A combinação entre o Fordismo e o Desenvolvimentismo seria uma opção para a economia brasileira. A última corrente tem papel importante referente à ampliação de indústrias estratégicas. Comin cita o caso da Embraer, que fabrica aeronaves de ponta com peças importadas – mas poderia construí-las também.
Outras visões
Se a proposta de Álvaro Comin engloba teorias econômicas, as perspectivas de Ricardo Antunes e Beverly Silver enfocam ações trabalhistas. O professor acredita na importância da resistência às formas de exploração da subjetividade pelo modelo capitalista. Também expõe que há um conjunto heterogêneo de combates sociais, e exemplifica-o com casos sul-americanos, como os movimentos grevistas no Brasil, as lutas camponesas na Bolívia e os protestos de piqueteiros na Argentina.
Beverly contrastou dois tipos de trabalhadores: o politizado e o Polyani – uma referência à obra de Karl Polyani, que teorizou, entre outros aspectos, a apropriação da terra, sociedade e trabalho feita pelo sistema econômico. Este tipo de trabalhador submete-se às diretrizes de instâncias maiores (o governo, por exemplo), sendo por elas incorporado. Abre-se, assim, caminho para a ascensão de regimes autoritários. Faz-se necessária a conscientização da classe trabalhadora, para evitar a consolidação Polyani.
Carlos Martins apresentou uma perspectiva maior na esfera ideológica. O Liberalismo, doutrina que sustenta o Capitalismo, encontra-se em decadência – em parte, por algumas contradições do sistema, como a que se refere à qualificação do trabalhador e ao desemprego crescente. Tal fato deixará lacunas nesse plano. Restará à esquerda agir com destreza para preenchê-las adequadamente.

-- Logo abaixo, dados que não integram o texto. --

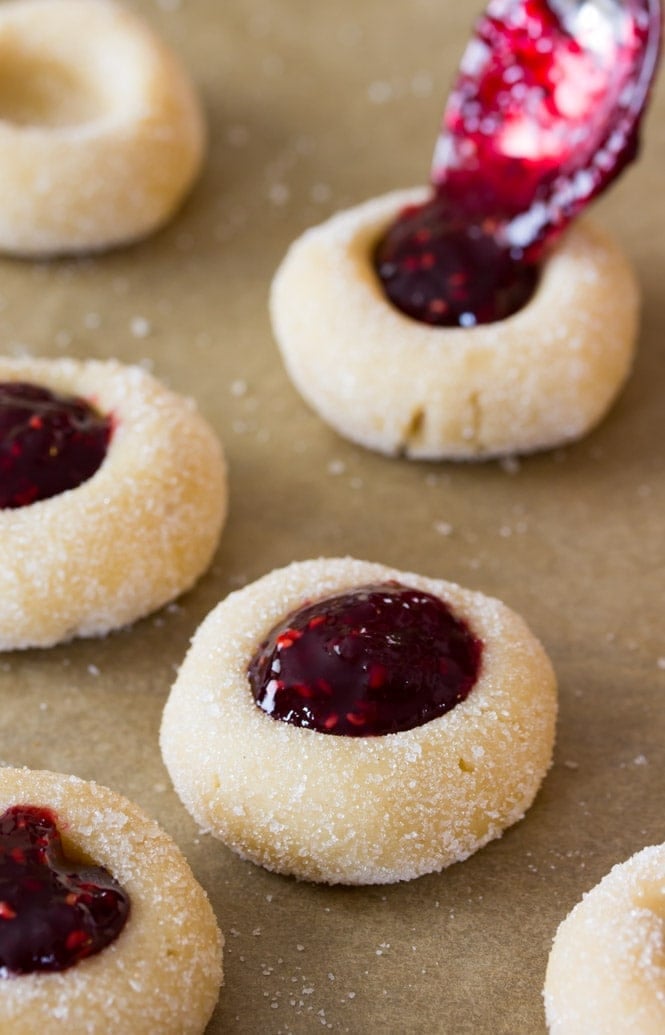Classic thumbprint cookies being filled with raspberry preserves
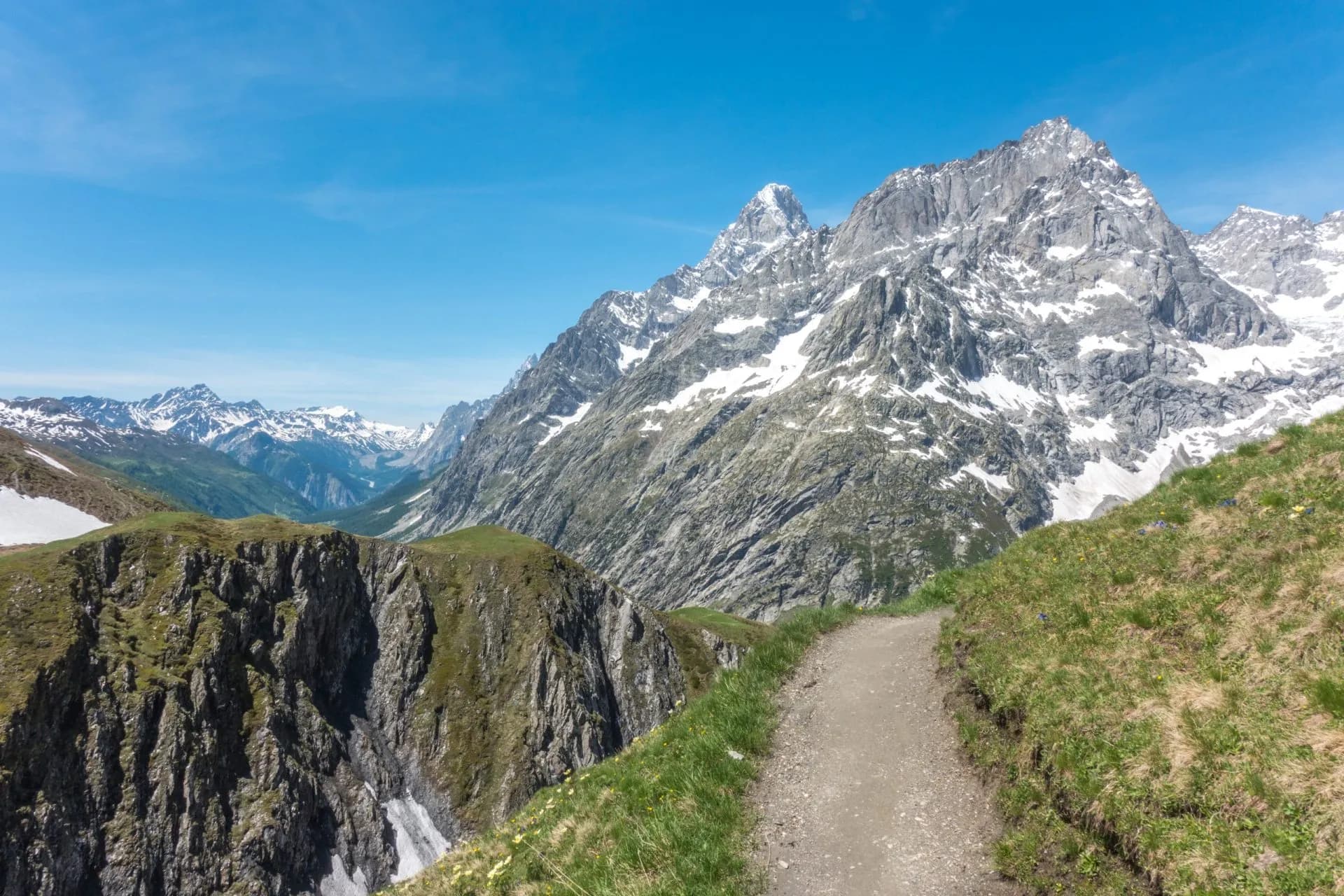 Hiking trail along a grassy ridge toward snow-capped mountains at Col du Ferret.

China: Socialismo de Mercado
O modelo econômico chinês gerou polêmica entre os debatedores. Carlos Martins defendeu alguns de seus aspectos e tomou-os como exemplos, enquanto Ricardo Antunes e Álvaro Comin criticaram certos pontos.
O “Socialismo de Mercado” desponta como alternativa aos modelos de acumulação de riqueza dos países capitalistas centrais e dos países periféricos. Estes se baseiam na exploração da mão-de-obra e privatização dos lucros, características acentuadas nas nações subdesenvolvidas.
Segundo Martins, os pontos positivos do modelo são a transferência de lucros para a população – representada pelo Estado – e a qualificação da mão-de-obra, decorrente dos investimentos em educação, constituindo um fator de atração de empresas estrangeiras. Ele não considera a superexploração do trabalho característica do modelo.
Antunes alega que o “Socialismo de Mercado” assemelha-se a uma “transição que travou”, e sinaliza para um regresso ao Capitalismo. Comin destaca que o país asiático não é democrático, e que por isso é difícil tomá-lo por base em comparações. Além disso, lembra a desigualdade que pode originar-se das medidas capitalistas e os movimentos políticos que as mudanças no sistema podem implicar.
Martins recorda que, mesmo com tais riscos, a China destaca-se por sua independência da principal potência mundial, os Estados Unidos. Com isso, atua diretamente em uma das frentes de luta do modelo econômico contemporâneo: a que opõe a periferia do sistema ao centro.